One may also remember the indictment of Rio de Janeiro Concretism by the shocked leader of its orthodox São Paulo counterpart, Waldemar Cordeiro: ‘There is even brown in these paintings’.² In 1956, both groups finally managed to show together, but instead of celebrating the formation of a unified, national front, the event became a huge case of mutual misrecognition – or of the recognition of their irreconcilable approaches. Of course, it was precisely in having to defend against accusations such as Cordeiro’s that the poet Ferreira Gullar ended up theorizing Neoconcretism (one just wonders how Cordeiro would react to Gullar’s relatively recent branding of Vieira’s pastel drawing technique as a kind of ‘sfumato’).³ As a group, Neoconcretism was hardly coherent (a point Scovino is keen on stressing). It makes sense: after all, one may think of it as radically pushing the category of ‘concrete art’ to its limits (which were, in turn, theoretically redefined).

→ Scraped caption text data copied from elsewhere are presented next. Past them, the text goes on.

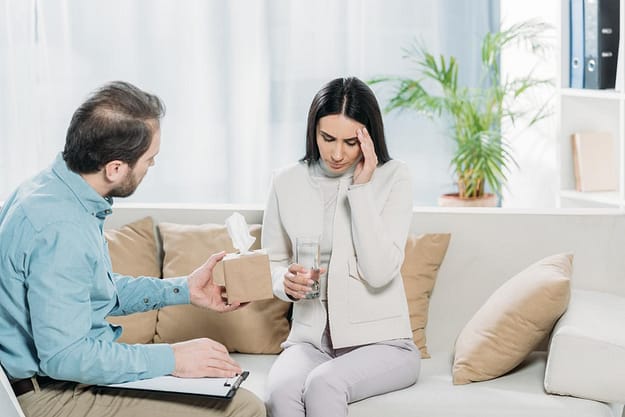 woman talking to male on couch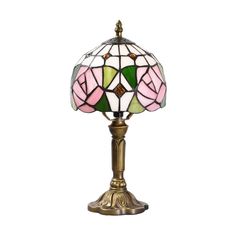 a pink and green stained glass lamp on a brass stand with a white background,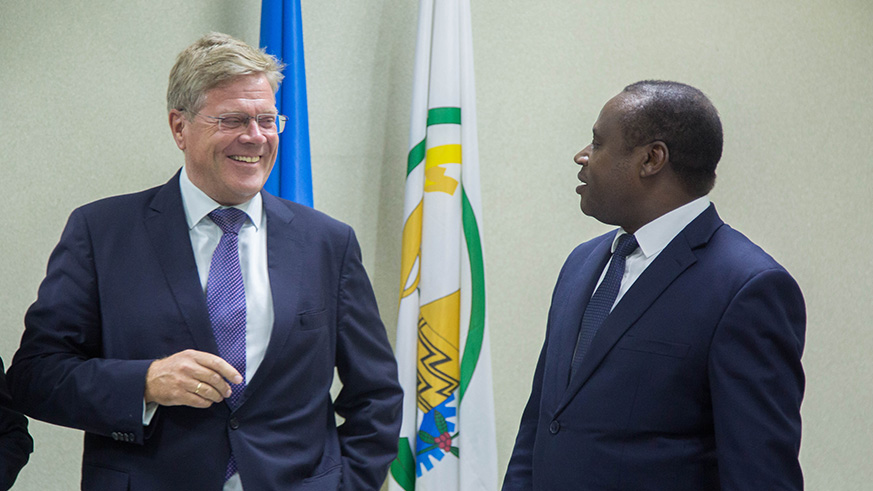 Ambassador  Woeste chats with Ndagijimana after the signing ceremony at the Ministry of Finance in Kigali yesterday. Nadege Imbabazi.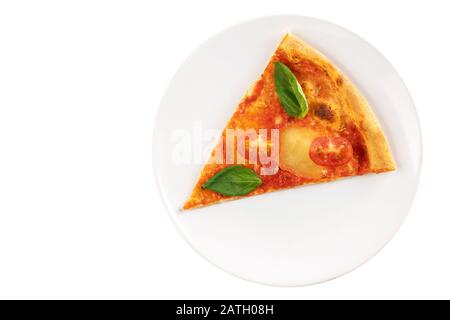 Slice of italian classic Pizza with mozzarella, basil and tomato on white plate isolated on white background. Stock Photo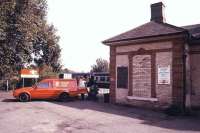 Scene at the terminus at Sudbury in rural Suffolk in September 1985, where mail has just arrived off the 1605 DMU from Colchester St Botolphs and is being transferred to a Royal Mail van. The old 1865 GE Sudbury station, the south end of which is seen here, was replaced by <I>something more up to date</I> in October 1990. [See image 41998]<br><br>[Ian Dinmore 21/09/1985]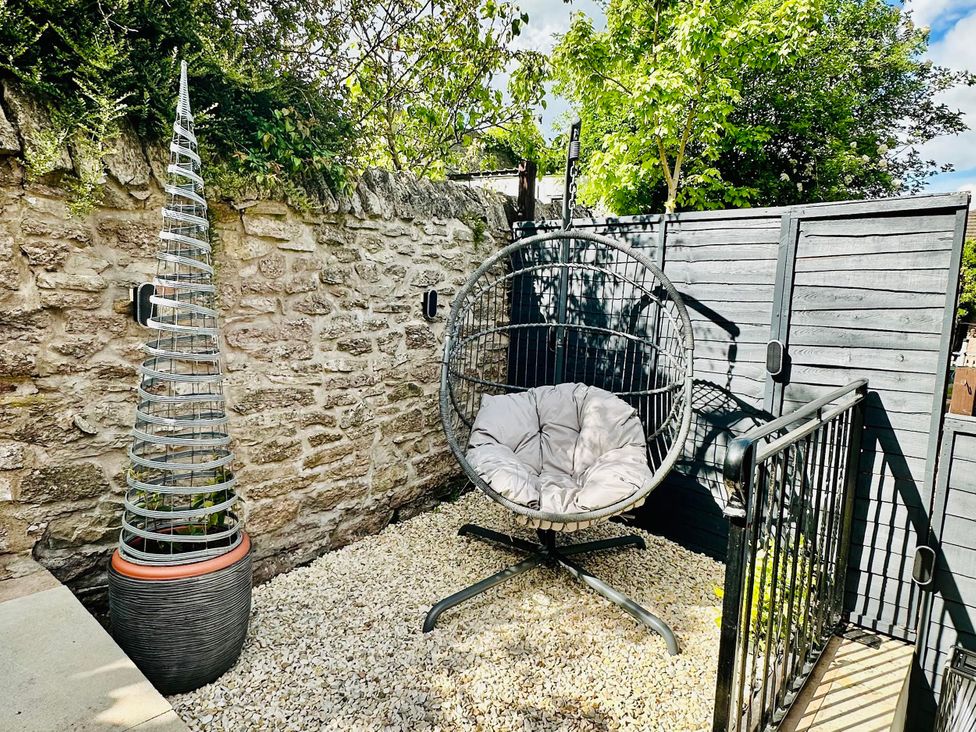 An outdoor area with a hanging chair and decorative tree at Muddy Boots – La Petite Mews in Kirby Stephen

One particularly brilliant example in this case is a 1959 monochromatic drawing by Vieira, where different geometric sections are uniformly filled with blue pastel (Sem Título, pictured). The differentiation of the areas is minimal, but eloquent: it relies solely on directionality and on the varied intensity with which Vieira pressed the pastel against the highly textured paper. The dominant centre of the composition is a blank lozenge, whose whiteness suddenly coheres into a colour of its own, in contrast to the whiteness that grounds the coloured areas, visible in the deep paper recesses that remain unmarked. Animated by tonal transitions and by the direction of the marks, the drawing enacts a circular movement around the blank centre – like an abstract windmill. The bottom half is lighter and expansive, suggesting a cool, gaseous ascent; the darker patches in the top become compact and weighty in contrast, leading one’s gaze back downwards – an unexpected sense of gravity instils itself. All areas in the drawing are materially the same, but phenomenologically distinct; their juxtaposition testifies to the subtle, but often dazzling achievements of Neoconcretism, which supported Gullar’s enthusiastic readings of Merleau‐Ponty. The latter, an integral part of the movement’s cultural atmosphere, can hardly be said to stand as programmatic. Despite (or maybe because of) its rich diversity, Neoconcretism lasted only two years. Such fleeting complexity grows richer the more we are able to look and study works by Vieira and others – and is by far more challenging than a stable, empty and merely convenient signifier.
1 Michael Asbury, ‘Neonconcretism and Minimalism: Cosmopolitanism at a Local. Level and a Canonical Provincialism,’ in Kobena Mercer (ed.), Cosmopolitan Modernisms (Cambridge, MA : MIT Press, 2005), p. 174.
2 Waldemar Cordeiro, ‘Teoria e Prática do Concretismo Carioca’, in Aracy Amaral (ed.), Projeto Construtivo Brasileiro na Arte (Rio de Janeiro : Funarte, 1977), p. 135.
3 Ferreira Gullar, ‘Frente Group and the Neo-‐Concrete Reaction’, in Aracy Amaral (org.), Arte Construtiva no Brasil: Coleção Adolpho Leirner, (São Paulo : Melhoramentos, 1998), p. 152.
Décio Vieira: Geometric Investigations was on show at Centro Universitário Maria Antônia, São Paulo, 23 March – 25 May 2010.